Segment Start: RAW DATA

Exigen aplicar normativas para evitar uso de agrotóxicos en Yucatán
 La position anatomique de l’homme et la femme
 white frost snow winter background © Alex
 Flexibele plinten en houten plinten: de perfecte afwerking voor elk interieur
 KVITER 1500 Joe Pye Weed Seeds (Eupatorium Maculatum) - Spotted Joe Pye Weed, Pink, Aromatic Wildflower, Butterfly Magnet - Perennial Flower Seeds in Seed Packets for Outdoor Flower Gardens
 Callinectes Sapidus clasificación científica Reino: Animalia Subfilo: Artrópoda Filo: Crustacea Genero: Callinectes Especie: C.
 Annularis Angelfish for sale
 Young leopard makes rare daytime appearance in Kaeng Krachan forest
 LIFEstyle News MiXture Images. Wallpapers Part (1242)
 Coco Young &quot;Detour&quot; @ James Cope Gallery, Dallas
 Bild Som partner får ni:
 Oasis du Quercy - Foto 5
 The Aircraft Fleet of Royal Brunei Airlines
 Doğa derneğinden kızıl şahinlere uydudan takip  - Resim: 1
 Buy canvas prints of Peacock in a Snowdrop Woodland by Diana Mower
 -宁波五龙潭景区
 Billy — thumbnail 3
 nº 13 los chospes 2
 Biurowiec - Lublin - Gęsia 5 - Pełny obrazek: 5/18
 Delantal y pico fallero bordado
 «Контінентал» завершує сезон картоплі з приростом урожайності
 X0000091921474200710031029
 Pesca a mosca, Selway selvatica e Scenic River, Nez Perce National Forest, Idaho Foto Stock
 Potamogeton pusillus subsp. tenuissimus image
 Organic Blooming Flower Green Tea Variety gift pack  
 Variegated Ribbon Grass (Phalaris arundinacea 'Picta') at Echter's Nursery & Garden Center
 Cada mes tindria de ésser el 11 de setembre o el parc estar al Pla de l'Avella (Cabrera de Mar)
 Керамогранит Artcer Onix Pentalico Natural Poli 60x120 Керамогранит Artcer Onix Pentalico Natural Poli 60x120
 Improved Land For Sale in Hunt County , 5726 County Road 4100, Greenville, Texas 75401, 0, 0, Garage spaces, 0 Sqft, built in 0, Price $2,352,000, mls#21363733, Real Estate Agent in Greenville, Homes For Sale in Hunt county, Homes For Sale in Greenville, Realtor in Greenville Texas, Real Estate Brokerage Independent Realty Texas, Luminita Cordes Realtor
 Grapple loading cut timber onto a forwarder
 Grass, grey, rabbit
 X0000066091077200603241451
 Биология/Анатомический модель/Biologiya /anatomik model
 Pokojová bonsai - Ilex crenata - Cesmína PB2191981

Segment End: RAW DATA

» TASK TO CARRY OUT
Lines to set down from above: the line with "white frost snow winter background © Alex", the line with "Cada mes tindria", and every line between, each exactly as written.

» TASK RESULT
 white frost snow winter background © Alex
 Flexibele plinten en houten plinten: de perfecte afwerking voor elk interieur
 KVITER 1500 Joe Pye Weed Seeds (Eupatorium Maculatum) - Spotted Joe Pye Weed, Pink, Aromatic Wildflower, Butterfly Magnet - Perennial Flower Seeds in Seed Packets for Outdoor Flower Gardens
 Callinectes Sapidus clasificación científica Reino: Animalia Subfilo: Artrópoda Filo: Crustacea Genero: Callinectes Especie: C.
 Annularis Angelfish for sale
 Young leopard makes rare daytime appearance in Kaeng Krachan forest
 LIFEstyle News MiXture Images. Wallpapers Part (1242)
 Coco Young &quot;Detour&quot; @ James Cope Gallery, Dallas
 Bild Som partner får ni:
 Oasis du Quercy - Foto 5
 The Aircraft Fleet of Royal Brunei Airlines
 Doğa derneğinden kızıl şahinlere uydudan takip  - Resim: 1
 Buy canvas prints of Peacock in a Snowdrop Woodland by Diana Mower
 -宁波五龙潭景区
 Billy — thumbnail 3
 nº 13 los chospes 2
 Biurowiec - Lublin - Gęsia 5 - Pełny obrazek: 5/18
 Delantal y pico fallero bordado
 «Контінентал» завершує сезон картоплі з приростом урожайності
 X0000091921474200710031029
 Pesca a mosca, Selway selvatica e Scenic River, Nez Perce National Forest, Idaho Foto Stock
 Potamogeton pusillus subsp. tenuissimus image
 Organic Blooming Flower Green Tea Variety gift pack  
 Variegated Ribbon Grass (Phalaris arundinacea 'Picta') at Echter's Nursery & Garden Center
 Cada mes tindria de ésser el 11 de setembre o el parc estar al Pla de l'Avella (Cabrera de Mar)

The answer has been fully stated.